### TASK DESCRIPTION:
Please write out all the data that follows exactly, without the pictures.

-- DATA BLOCK follows --

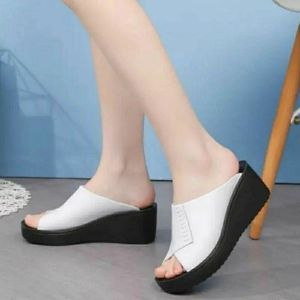 SENDAL WANITA FASHION TERLARIS / WADGES SANDAL WANITA DEWASA / SANDAL WANITA SIRAL TINGGI 5-7 CM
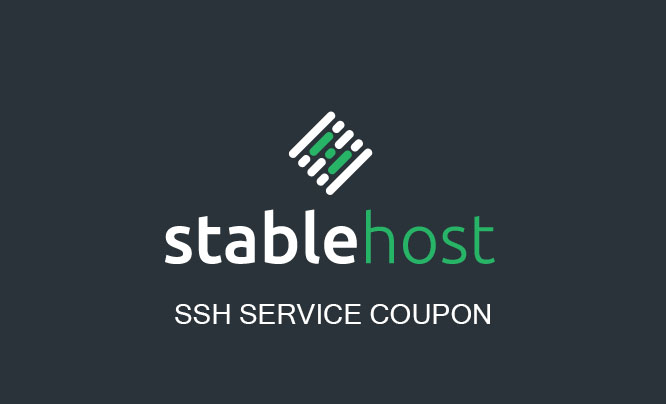 StableHost free ssh service coupon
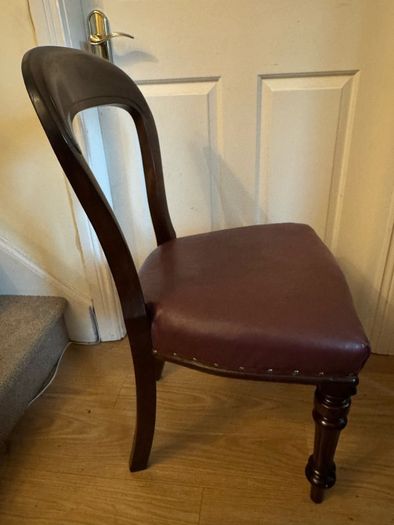 Pair of Antique Victorian Mahogany Balloon Back Chairs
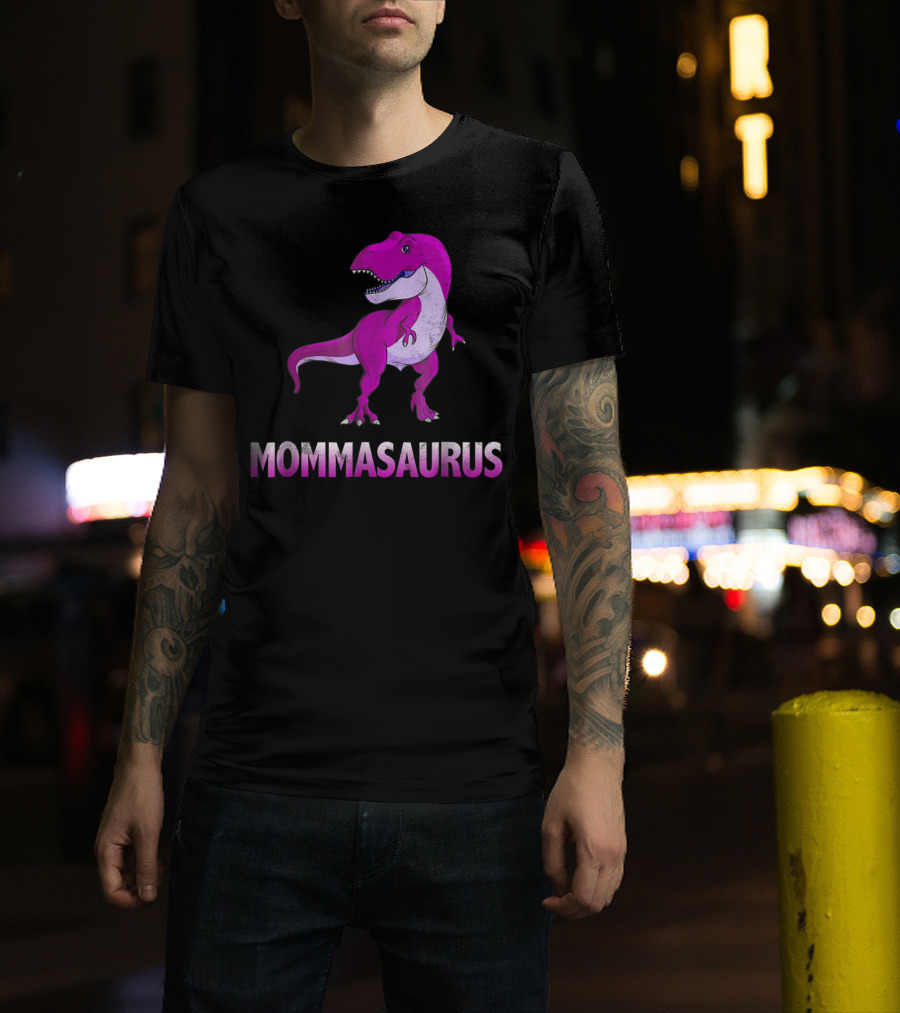 MOMMASAURUS Pink TRex Mother Momma TRex T-Shirt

-- DATA BLOCK concluded --

### ANSWER AREA:
 SENDAL WANITA FASHION TERLARIS / WADGES SANDAL WANITA DEWASA / SANDAL WANITA SIRAL TINGGI 5-7 CM
 StableHost free ssh service coupon
 Pair of Antique Victorian Mahogany Balloon Back Chairs
 MOMMASAURUS Pink TRex Mother Momma TRex T-Shirt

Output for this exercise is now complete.